Sementara itu Director Technology, Content, and New Business XL Dian Siswarini menegaskan "managed services" tersebut tidak akan membahayakan perseroran karena strategi operasi, pemilihan teknologi, perencanaan dan disain serta "key person" masih berada di tangan XL.

"Intinya otak dan hati dari jaringan masih di XL, tangan dan kaki di-`outsource`. Kita juga memastikan masalah fleksibilitas dalam kontrak dengan mitra tengah membentuk organisasi khusus yang menangani rekanan`managed services," katanya.

Sementara itu Deputy Director of Customer Solutions Huawei, Dani Ristandi mengungkapkan model bisnis peyelenggara jaringan di masa depan akan bergeser, seiring lonjakan volume konten digital dan menjamurnya piranti bergerak seperti smartphone dan komputer jinjing.

"Ini akan membuat pelanggan fokus memilih layanan jaringan yang mengedepankan kecepatan, kualitas, fleksibilitas, dan kemudahan dalam mengakses internet.
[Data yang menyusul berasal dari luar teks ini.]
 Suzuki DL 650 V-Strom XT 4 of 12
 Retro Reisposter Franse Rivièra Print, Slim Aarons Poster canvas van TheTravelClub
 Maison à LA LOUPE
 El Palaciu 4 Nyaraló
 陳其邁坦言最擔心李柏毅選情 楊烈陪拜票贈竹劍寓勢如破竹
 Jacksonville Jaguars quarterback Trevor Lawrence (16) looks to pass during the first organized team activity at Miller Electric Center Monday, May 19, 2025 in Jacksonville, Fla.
Pada 2020 lonjakan trafik data bisa mencapai seribu kali lipat dibanding saat ini," ungkap Dani.


Efisiensi

Persaingan sengit dan melonjaknya volume trafik akan memaksa operator penyelenggara jaringan lebih memikirkan efisiensi antara lain melepas urusan perawatan jaringan ke pihak ketiga.

"Tren managed services ini tak bisa dihindari. Operator Tri, XL, dan Axis telah melakukannya. Sebentar lagi, operator besar lainnya akan mengikuti," ujarnya.

Sementara itu praktisi telematika Teguh Prasetya berpendapat "managed service" merupakan keharusan agar lebih efisien mengelola "low cost leadership" dan dapat bersaing di masa depan, serta tetap fokus pada produk, penjualan dan pemasaran sebagai "core value" operator.

Namun menurut Teguh, yang perlu diperhatikan adalah implementasinya tidak kebablasan dalam "cut cost", sehingga ujungnya untuk jangka pendek hanya sebagai alat bertahan, sedangkan untuk bisa menjadi makin tinggi biaya dan tidak bisa kembali lagi (no way to return).

"Operator tetap perlu memegang `key person` atau `strategic operational` di dalam perusahaan bukan di outsource-kan. Contohnya, untuk `quality assurance dan optimization," katanya.

Praktisi telematika lainnya, Raherman Rahanan contoh sukses "managed services" terjadi AirTel di India dan Afrika.

"Saya prediksi Telkomsel akan menyusul XL melakukan hal ini jika melihat implementasi jaringan 3G dan Home Location Register (HLR) Next Generation Network (NGN) dengan Huawei. Telkomsel tidak akan lagi melakukannya per cluster, tetapi nasional," katanya.